Chat échaudé craint l’eau froide. Aussi, en dépit de la reconduction du dispositif Scellier (crédit d’impôt pour les constructions neuves destinées à la location), ceux qui s’y sont laissés prendre en faisant confiance à des promoteurs, et se retrouvent avec de nouveaux « bourgs à la campagne » sans locataires, seront-ils à l’avenir plus prudents.

Mais l’exemple de l’Espagne devrait aussi faire réfléchir aux risques de la construction pour la construction…

Seseña, ville nouvelle destinée à l’accueil de 30 000 habitants à une trentaine de kilomètres de Madrid (45 minutes du centre de la capitale), est le symbole même de la construction à outrance qui a marqué durablement, depuis une décennie, toute l’Espagne.

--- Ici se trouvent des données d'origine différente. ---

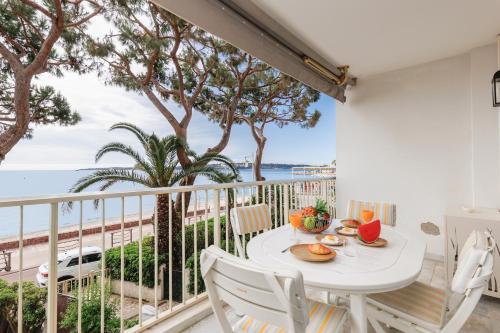 strand, Fettolina YourHostHelper in Pointe Croisette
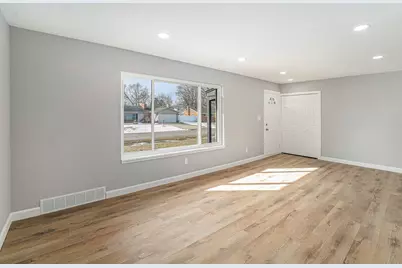 1916 Hollingsworth Drive, Commerce Township, MI 48390 - Photo 2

Par chance, pour les pouvoirs publics, qui ne pourraient plus faire face aux aménagements (la plupart des communautés autonomes ont aussi été dégradées par les banques), la ville nouvelle n’a vu s’ériger de 5 100 logements sur 13 508 prévus et les candidats à l’acquisition ou la location, tous équipés d’automobiles ou scooters, savent à quoi s’en tenir.
Ils vivront non pas en autarcie, mais dans une sorte de désert, avec des terrains vagues à perte de vue, et pour longtemps. Peut-être, dans un avenir proche, leur sera-t-il épargné de contempler un véritable « lac » de vieux pneus : il recouvre des dizaines d’hectares entre Seseña et Valdemoro. Ce n’est pas joué, car il faudrait encore qu’ils trouvent preneurs.

Les banques bradent

La Banc Sabadell et la caisse d’épargne de la Méditerranée (CAM) proposent désormais une location pour deux ans au prix de 400 euros. Pour « faire l’essai » et décider ou non d’acheter ensuite dans cette ville quasiment fantomatique. Ou on peut déjà acheter avec un prêt à zéro sur deux ans. Sabadell a aussi sur les bras la Marina D’Or, à Castellón, et les lotissements du Polaris World de Murcie. Pour l’ensemble, elle risque de perdre six milliards d’euros.

Banco Santader brade aussi. Le grand type 2 (94 m²) part à 65 000 euros à Seseña. Contre plus du double (190 000) en 2007, quand il subsistait l’espoir de voir les immeubles construits à peu près occupés. Beaucoup d’acquéreurs particuliers ont déjà soldé au tiers du prix d’achat, ne trouvant pas à louer.
Au dernier salon immobilier madrilène, le Sima 2011, Santander tentait encore de fourguer à moins de 90 000 euros (moins de mille euros le m²). Là, c’est devenu de la vente franchement à perte. Brut de décoffrage, rien que pour le béton (sans honoraires d’architecte, taxes, &c.), il fallait compter 650 euros du m² d’investissement. Évidemment, ces offres tirent les prix par le bas, et d’autres propriétaires encaissent de plus lourdes pertes. La location à bas prix avec option d’achat non contraignante est d’ailleurs un véritable pari. Acheter de suite expose à des pertes, même à ces prix cassés, si l’économie ne repart pas, si la ville reste moribonde.

Ghost town

Alan Clendenning et Harold Heckle, d’Associated Press, ont fait du « tourisme » de zones sinistrées début février dans la commune du district de Tolède. La dernière agence bancaire a fermé voici déjà deux ans. Même les expulsés d’ailleurs (530 000 pour l’Espagne fin septembre dernier) hésitent à venir s’installer. On ne sait trop combien les banques doivent éponger au total. Elles avaient valorisé à près de 200 milliards d’euros. Tout, au mieux, vaut – sur le papier – moitié moins à présent. Enfin, si tout part.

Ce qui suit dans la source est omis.